*Exercise*:
Make an exact copy of the lines starting at the top of the listing below and ending at the line that contains "The route of", inclusive.

*Material provided*:
***
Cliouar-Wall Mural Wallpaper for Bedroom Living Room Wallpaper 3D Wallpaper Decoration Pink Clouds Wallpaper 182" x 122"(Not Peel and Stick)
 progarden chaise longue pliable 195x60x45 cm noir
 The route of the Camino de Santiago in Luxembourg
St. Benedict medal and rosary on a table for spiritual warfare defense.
***
*Output for this exercise*:
Cliouar-Wall Mural Wallpaper for Bedroom Living Room Wallpaper 3D Wallpaper Decoration Pink Clouds Wallpaper 182" x 122"(Not Peel and Stick)
 progarden chaise longue pliable 195x60x45 cm noir
 The route of the Camino de Santiago in Luxembourg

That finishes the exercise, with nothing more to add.